Life's a stage ...
by Anne-Marie Jennings
NNSL (Mar 02/98) - When Yellowknifers want to get wired, Roy Williams is the man they talk to.
He owns the Radio Shack franchise in the YK Centre and has since 1975. But
there is more to William's life than woofers, tweeters and three-pronged
plugs.
To add to his list of accomplishments as a businessman, he
is also an amateur actor, a sailor, a model airplane connoisseur and an
avid gardener.
He can still remember the first day he arrived in Yellowknife.
"On October 25, 1969, I flew to Yellowknife from
Edmonton. I had $10 in my pocket. That's all I had left, because the flight
couldn't actually make it in -- we got weathered out in Edmonton, and I
only had so much money.
"I remember this place called the King Edward Hotel. All
the Yellowknifers stayed there when they were in Edmonton. The problem was
this place was about $35 a night, and I only had $50 in my pocket."
Williams said he came to Yellowknife because of what he had
heard from friends who were already here in town.
"There's a gentleman called Glen Thomas who is very
well-known who owns Highwood/Aba Resources which is now part of the diamond
play," he explained. "He came from a couple blocks away from where I lived
in South Wales.
"He's a geologist who came in 1967 and he told my brother
Merlin that there was something happening in the North and why not emigrate
from South Wales and come over and see this wonderful country. So my
brother came in 1967 and I joined in 1969."
William's career in electronics began humbly, sweeping
floors and doing other odd jobs at Yellowknife Radio for then-owner Harold
Glick.
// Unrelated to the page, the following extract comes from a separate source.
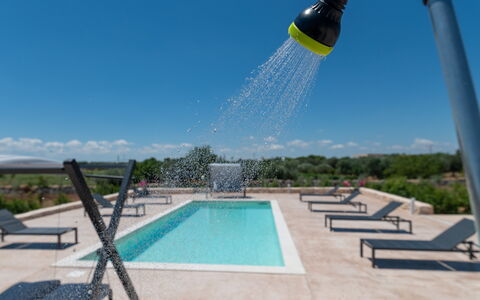 Villa Normanni: Water, Sky, Cloud, Azure, Swimming Pool, Leisure, Shade, Plant, Composite Material, Outdoor Furniture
Because Williams had an interest in electronics from his childhood
in South Wales, he worked his way up to repairing electronics for him.
He stayed with Yellowknife Radio until 1974, when he
graduated from Northern Alberta Institute of Technology as a professional
inter-provincial journeyman technician and decided it was time to see the
world.
Williams travelled through Europe and eventually landed in
the South Pacific, where he worked fixing cameras, photocopiers, antennas,
and did odd jobs. He then went to New Zealand and worked there for eight
months.
Returning to Yellowknife in July 1975, Williams set himself
a deadline. "I said that if I didn't have my own business in six months,
I'm going to go back to Australia and try and get a job," he said. "By
September, I had signed for a franchise for Radio Shack.
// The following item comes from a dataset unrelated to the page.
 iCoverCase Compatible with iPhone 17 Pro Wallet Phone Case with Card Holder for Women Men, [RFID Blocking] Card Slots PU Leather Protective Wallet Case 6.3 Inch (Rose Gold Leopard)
"It was December 12, 1975 when I first opened. It was the
first franchise in Yellowknife."
Williams's interest in electronics started early, when he
was a boy in South Wales.
"My father was a pioneer in electronics -- far more
brilliant than I'll ever be.
"We can go back to 1934-35 where he was building mono
amplifiers and later stereo amplifiers. In the war he was employed by the
Royal Air Force as a maintenance technicians for the radar installations
that were in the battlefields.
"When he came out of the war, all of the things he picked
up were things that we played with. We mucked around with it."
Which isn't to say that the die was cast.
"We could be brain surgeons too, but we didn't have anybody
that had any brains that needed fixing up or than were lying around the
shed," he recalls, "It was just something that I put my mind to and that
was that. It could have been anything -- it just happened to be
electronics."
Another area of interest for Williams is the theatre --
something which he said he feels was also a large part of his life growing
up.
"Being Welsh, it's automatic that you're put up on stage from a
very early age and you're asked to perform, whether you are reciting words
of poetry or a narrative or singing -- generally singing. So in school,
every morning if you've got a voice you're asked to get up and sing in
front of the whole school, so it just becomes natural.
"I once sang with a 7,000-voice choir, all sung in Welsh.
That's how big it was. The event happens about every four years, it's an
Olympics of poetry and song which the Welsh bring themselves together.
"Pavarotti was actually discovered at a similar event.
Someone told him he should do this for a living and right at that moment he
decided he would."
Through his involvement in the arts in Yellowknife,
Williams has had some memorable experiences.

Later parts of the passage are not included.